Social value may seem intrinsic to public services, but we miss opportunities even when delivering our greatest successes. How often have procured services concertedly provided employment opportunities for refugees or those with disabilities? How frequently do we encourage women and people from black, Asian and minority ethnic backgrounds into leadership through market engagement? How often do we leverage major infrastructure spend to push the envelope of sustainability?

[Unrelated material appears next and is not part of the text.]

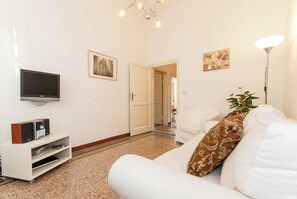 A living room with a flat-screen TV, a white sofa, a coffee table, a plant, and a painting on the wall. - Apartment just a few meters from the historic district of San Frediano in Florence! (Firenze)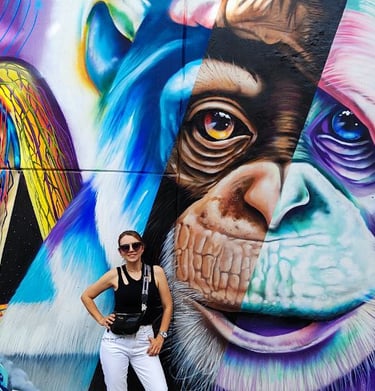 a woman standing in front of a mural of a monkey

Over the last 20 years, awareness of social and environmental challenges, as well as perceived supplier misbehaviour, has grown. Recent polls in the UK indicate the public increasingly dismisses free enterprise in favour of nationalisation and more intensive regulation. If governments want to maintain the benefits of outsourcing, and suppliers want to retain their freedom to innovate, then suppliers must reconnect with communities and put social value at the heart of procurement and project delivery.
What does social value mean for the public sector?
While most public services and projects deliver specified social benefits, incorporating social value captures broader opportunities. It draws from the holistic thinking of the Triple Bottom Line (“Profit, People, Planet” as coined by John Elkington in 1994) and the UN Sustainable Development Goals to compel commissioners and suppliers to widen their positive impacts through investment, transformation and regeneration. Most importantly, social value doesn’t compete with value for money, it’s part of it. Some examples of social value include:
Focussing on social value in procurement delivers greater value for money
Unethical actors rarely create the issues and missed opportunities associated with public sector suppliers. In our experience, the misalignment of incentives is a more common cause. The narrow focus of public procurement too often forces suppliers to deliver a narrow set of objectives at minimal price. This might exclude social value-oriented businesses, while rewarding those who strip out socially-valuable costs such as paying a living wage.
There are, however, many examples of best practice we can learn from, particularly in local government. For instance, when tendering for a major building renovation, Harrow Council included an explicit request for social value and systematic approach to recording it, as well as a 10% weighting in tender evaluation. They found that the lowest priced bid provided £439,000 (+41%) additional social value, while the highest priced bid provided only £71,000 (+3.5%). The fifth-ranked bid provided the greatest additional social value (£781,000, +57%). Although maximising social value can be expensive, it’s also possible to achieve more social value without additional cost.
There has never been a better time to embrace social value in public procurement
A tipping point in the social value story was the creation of the UN Millennium Development Goals and UN Global Compact at the turn of the millennium. These formed an international social value charter and encouraged businesses to adopt socially responsible practices, setting the agenda for EU and national laws to follow.
In the UK today, the Public Services (Social Value) Act 2012, Government Buying Standards (2012), Balance Scorecard for Growth (2016) and Public Contracts Regulations (2015) create an ideal environment to drive social value. They encourage strategies, business cases and procurements to incorporate social value, including in supplier selection and contract management. Here at PA, we’re increasingly receiving invitations to tender from public sector clients with explicit social value criteria included.
Although social value can deliver huge societal benefits at minimal cost, the uptake across public procurement is still patchy. This is due to a misperception of restrictive procurement law and the assumed complexity of measuring social value. Thanks to rapid evolution in public policy, however, the UK government has never been in a better position to leverage its £284bn annual buying power to transform markets in favour of social value outcomes – including the transition to a Circular Economy.
There is still some way to go before public services consistently and effectively integrate social value throughout procurement. That’s why we’re always working on better ways to support clients to achieve this. Together, we can incentivise and reward businesses that deliver social value, benefiting all citizens and driving true value for money for the UK taxpayer.